Suppose you want to buy an item whose current price is $1000. You consider the following two options.
• Finance the item now, i.e. take out a loan for $1000 and buy the item immediately. The loan company charges 9% interest, compounded monthly, and they offer you a one year loan with payments due at the end of each month.
• Create a sinking fund now and make monthly deposits (at the end of each month) for one year, then purchase the item one year from now, right when you make your twelfth deposit. Assume your bank offers 2% interest, compounded monthly.
*** On all questions below, be sure to show complete work, including the setup of a partial geometric sum if necessary. (Plug and chug into book formulas will receive little if any credit.) Do your work as if you do not have a calculator, except that you should convert final answers to amounts in dollars and cents.

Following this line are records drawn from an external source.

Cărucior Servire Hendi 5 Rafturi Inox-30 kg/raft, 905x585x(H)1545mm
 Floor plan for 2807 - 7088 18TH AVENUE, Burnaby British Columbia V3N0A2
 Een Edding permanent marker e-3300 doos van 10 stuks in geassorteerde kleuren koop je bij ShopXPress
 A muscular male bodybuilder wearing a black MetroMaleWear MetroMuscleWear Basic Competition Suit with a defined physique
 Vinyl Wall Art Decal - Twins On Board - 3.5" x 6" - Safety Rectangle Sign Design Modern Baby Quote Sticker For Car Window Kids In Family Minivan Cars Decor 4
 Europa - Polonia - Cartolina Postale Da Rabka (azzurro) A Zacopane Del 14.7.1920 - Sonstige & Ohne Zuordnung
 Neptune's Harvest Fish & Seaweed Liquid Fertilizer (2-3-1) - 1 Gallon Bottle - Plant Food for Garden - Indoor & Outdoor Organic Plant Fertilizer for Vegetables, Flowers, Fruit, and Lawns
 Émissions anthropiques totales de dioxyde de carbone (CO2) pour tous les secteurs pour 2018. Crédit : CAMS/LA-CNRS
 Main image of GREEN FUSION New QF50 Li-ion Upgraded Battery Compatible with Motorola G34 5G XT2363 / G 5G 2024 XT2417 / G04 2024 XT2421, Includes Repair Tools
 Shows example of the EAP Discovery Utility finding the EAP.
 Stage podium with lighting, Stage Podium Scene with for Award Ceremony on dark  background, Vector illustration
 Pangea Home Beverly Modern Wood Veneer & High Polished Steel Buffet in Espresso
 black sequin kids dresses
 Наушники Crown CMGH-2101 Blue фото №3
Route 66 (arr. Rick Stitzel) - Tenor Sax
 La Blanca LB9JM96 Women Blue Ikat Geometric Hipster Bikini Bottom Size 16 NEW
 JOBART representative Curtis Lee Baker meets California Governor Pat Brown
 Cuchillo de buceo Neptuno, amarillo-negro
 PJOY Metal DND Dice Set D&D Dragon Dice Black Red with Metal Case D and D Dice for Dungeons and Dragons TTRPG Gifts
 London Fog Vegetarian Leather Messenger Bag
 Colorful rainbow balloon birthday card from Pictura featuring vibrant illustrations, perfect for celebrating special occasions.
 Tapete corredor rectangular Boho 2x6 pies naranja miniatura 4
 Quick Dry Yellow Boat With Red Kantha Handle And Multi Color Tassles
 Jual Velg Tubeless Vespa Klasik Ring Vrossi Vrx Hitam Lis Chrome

(a) If you take out the loan, what is the total amount of money you pay back to the loan company? How much of it is interest?
(b) Assume the item’s popularity is decreasing and its price in one year will be only 95% of the current price. What is the total amount of money you have to deposit into your sinking fund to make the purchase? How much does your bank contribute in the form of interest?
(c) How much money would you save if you saved up for the item in your sinking fund rather than buying it on credit with the loan above? (Ignore inflation and other real life complications.)
(d) What are some reasons people might take out the loan for the item, even though they end up paying more?
Suppose you want to buy an item whose current price is $1000. You consider the following...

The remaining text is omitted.